→ **PROBLEM REQUIREMENTS**: Please retype the listing below exactly as it stands, skipping any pictures.
[DATA SHOWN Boundary: Start]
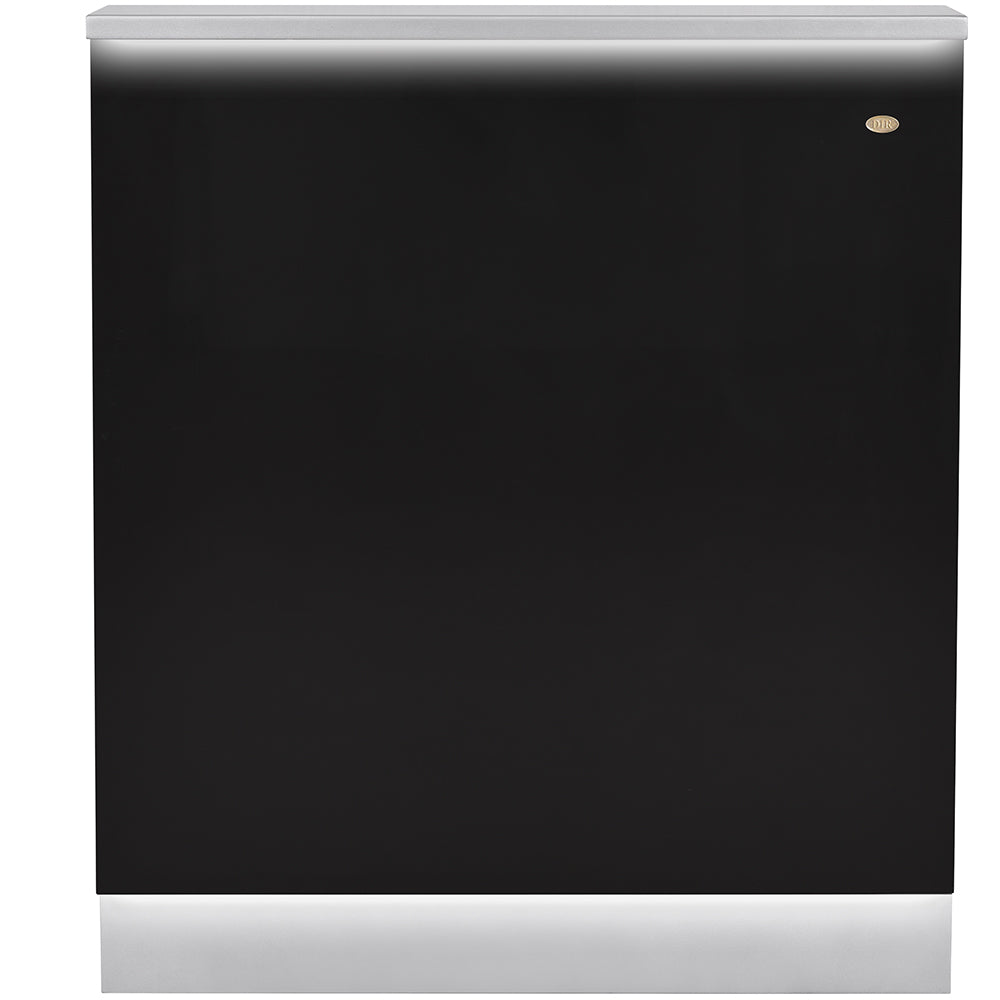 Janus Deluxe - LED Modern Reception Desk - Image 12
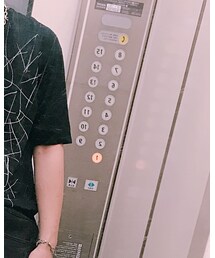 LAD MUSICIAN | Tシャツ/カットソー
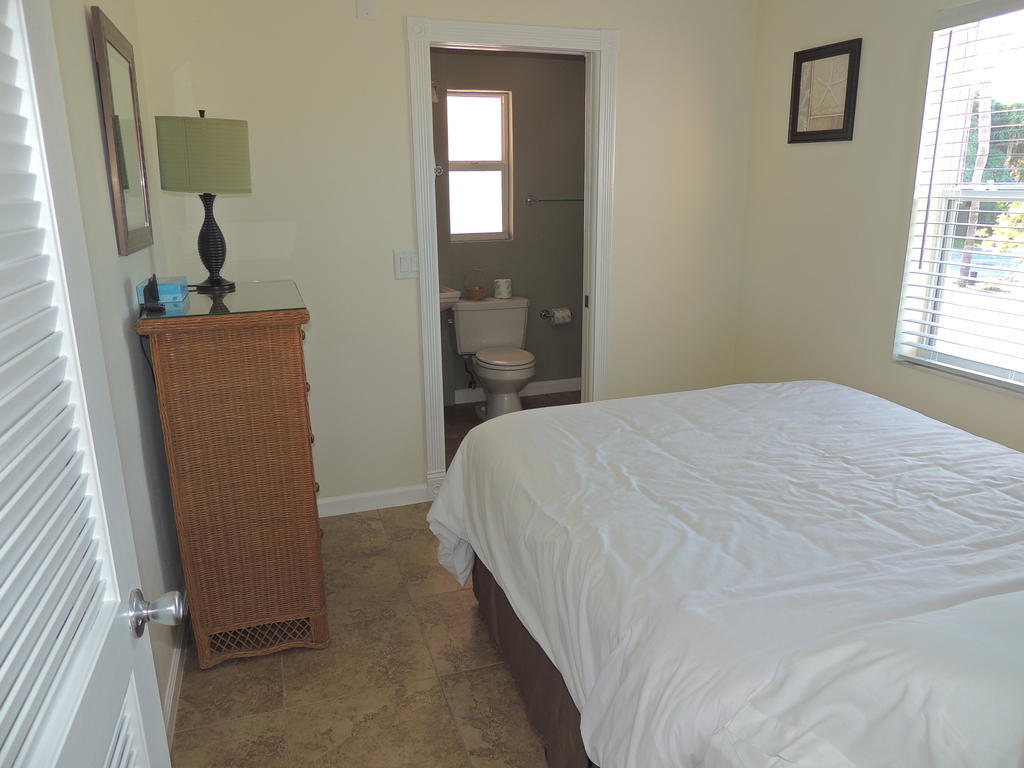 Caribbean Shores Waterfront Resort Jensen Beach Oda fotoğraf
[DATA SHOWN Boundary: End]
→ **TASK RESPONSE**:
 Janus Deluxe - LED Modern Reception Desk - Image 12
 LAD MUSICIAN | Tシャツ/カットソー
 Caribbean Shores Waterfront Resort Jensen Beach Oda fotoğraf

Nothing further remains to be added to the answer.